A Brief Introduction to Geometric Deep Learning | by Jason McEwen | Jul, 2022

By Jessie Hobb On Jul 26, 2022

AI for complex data

Deep learning is hard. While universal approximation theorems show that sufficiently complex neural networks can in principle approximate “anything”, there is no guarantee that we can find good models.

Great progress in deep learning has nevertheless been made by judicious choice of model architectures. These model architectures encode inductive biases to give the model a helping hand. One of the most powerful inductive biases is to leverage notions of geometry, giving rise to the field of geometric deep learning.

The term geometric deep learning was first coined by Michael Bronstein, a pioneer of the field (see his posts for interesting insights on a lot of the latest deep learning research, as well as extensive overviews of the field). In this post, rather then getting deep into the technical weeds, we present a very brief introduction to geometric deep learning. We largely follow the excellent recent book by Bronstein and colleagues [1] but provide our own unique take, and focus on high level concepts rather than technical details.

Fundamentally, geometric deep learning invovles encoding a geometric understanding of data as an inductive bias in deep learning models to give them a helping hand.

Our geometric understanding of the world is typically encoded through three types of geometric priors:

Symmetry and invariance
Stability
Multiscale representations

One of the most common geometric priors is to encode symmetries and invariances to different types of transformations. In physics, symmetries are typically expressed by the invariance of physical systems under transformations. If we know the real world exhibits certain symmetries, then it makes sense to encode those symmetries directly into our deep learning model. That way we are able to give the model a helping hard so that is does not have to learn the symmetry but in some sense already knows it. Harnessing symmetry in deep learning is elaborated further in our previous article on What Einstein Can Teach Us About Machine Learning.

As an example of encoding symmetries and invariances, traditional convolutional neural networks (CNNs) exhibit what is called translational equivariance, as illustrated in the diagram below of a cat’s face. Consider the model’s feature space (on the right). If the camera or cat moves, i.e. is translated in the image, content in the feature space should more similarly, i.e. is also translated. This property is called translational equivariance and in a sense ensures a pattern (cat’s face) need only be learnt once. Rather than having to learn the pattern in all possible locations, by encoding translational equivariance in the model itself we ensure the pattern can then be recognised in all locations.

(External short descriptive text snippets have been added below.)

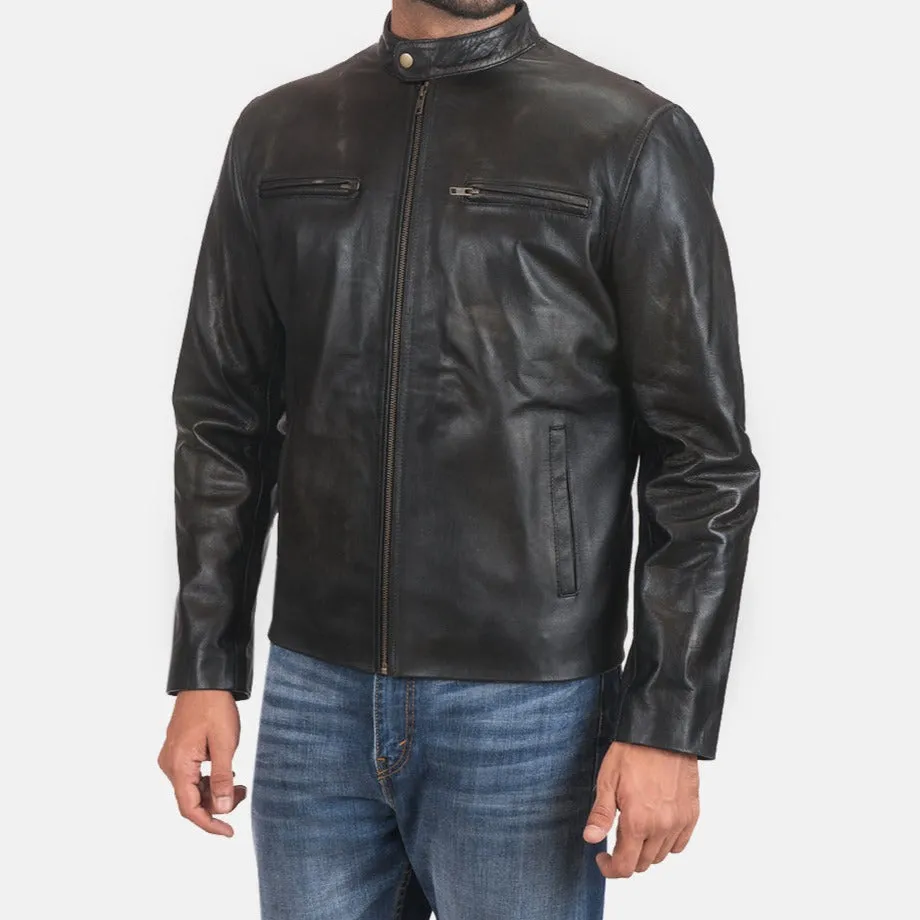 BIKER-1455 MUSH Black Leather Biker Jacket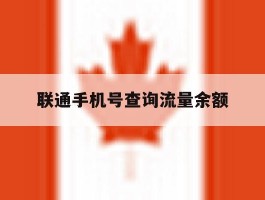 联通手机号查询流量余额
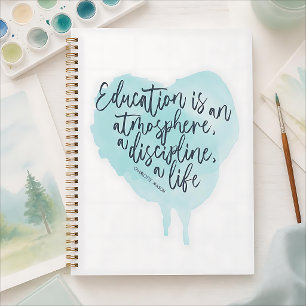 Rainbow Watercolor Homeschool Education Quote Notebook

Illustration of translational equivariance. Given an image (top left), computing a feature map (by 𝒜) (top right) and then translating (𝒯) the feature map (bottom right) is equivalent to first translating the image (bottom left) and then computing the feature map (bottom right). [Diagram created by authors, first presented here.]

Another common geometric prior is to ensure stability of the representation space. We can consider differences between data instances as due to some distortion that would map one data instance into another. For a classification problem, for example, small distortions are responsible for variations within a class, whereas larger distortions can map data instances from one class to another. The size of the distortion between two data instances then captures how “close”, or similar, one data instance is to another. For a representation space to be well-behavied and support effective deep learning, we should preserve measures of similarlity between data instances. To preserve similarity in the representation space, feature mappings must exhibit a form a stability.

As a representative example consider the classification of hand-written digits. The original image space and its representation space are illustrated in the following diagram. Small distortions map one 6 into another, capturing intra-class variations between different instances of a hand drawn 6. In the representational space, these data instances should remain close. Larger distortions, however, can map a 6 into an 8, capturing inter-class variations. Again, in the representation space the measure of similarity should be preserved and so there should be a larger separation between 6s and 8s in the representation space. Stability of the feature mapping is required to ensure such distances are preserved to facilitate effective learning.

Illustration of stability of mapping to representation space. Small distortions are responsible for intra-class variations, whereas large distortions are responsible for inter-class variations. Stability of the mapping is required to ensure measures of similarity between data instances, i.e. the size of the distortion between them, is preserved in the representation space in order to facilitate effective learning. [Diagram created by author for [2].]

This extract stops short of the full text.